● DATASET SECTION
▬▬▬

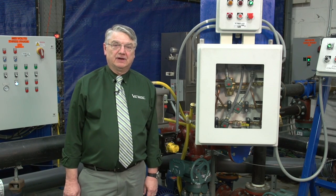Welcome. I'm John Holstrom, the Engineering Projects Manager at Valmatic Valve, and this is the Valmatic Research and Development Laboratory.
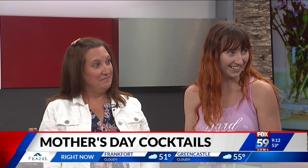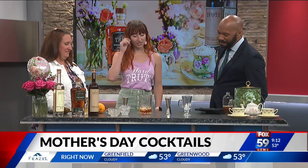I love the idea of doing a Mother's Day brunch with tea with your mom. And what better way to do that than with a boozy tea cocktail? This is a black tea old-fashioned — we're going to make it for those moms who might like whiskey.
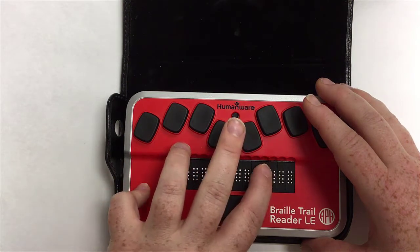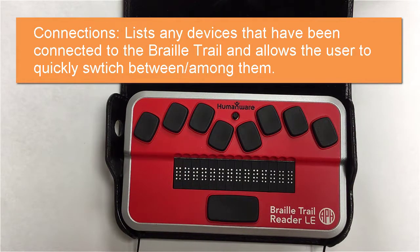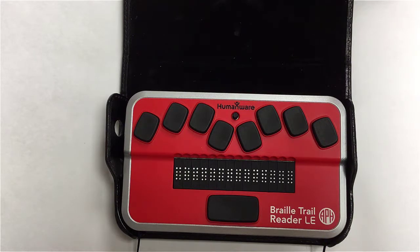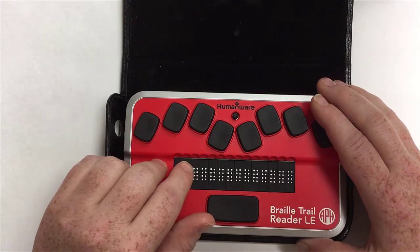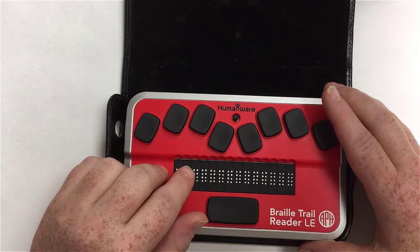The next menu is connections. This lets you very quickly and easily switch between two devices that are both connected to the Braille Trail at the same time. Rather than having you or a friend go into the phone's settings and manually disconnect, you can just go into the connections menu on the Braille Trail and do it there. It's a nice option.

▬▬▬

● DESCRIPTION OF THE TASK
The expected output is the exact run of lines from the one containing "I love the idea" through the final line of the data above, both ends included, with no pictures.

● RESULT OF THE TASK
I love the idea of doing a Mother's Day brunch with tea with your mom. And what better way to do that than with a boozy tea cocktail? This is a black tea old-fashioned — we're going to make it for those moms who might like whiskey.
The next menu is connections. This lets you very quickly and easily switch between two devices that are both connected to the Braille Trail at the same time. Rather than having you or a friend go into the phone's settings and manually disconnect, you can just go into the connections menu on the Braille Trail and do it there. It's a nice option.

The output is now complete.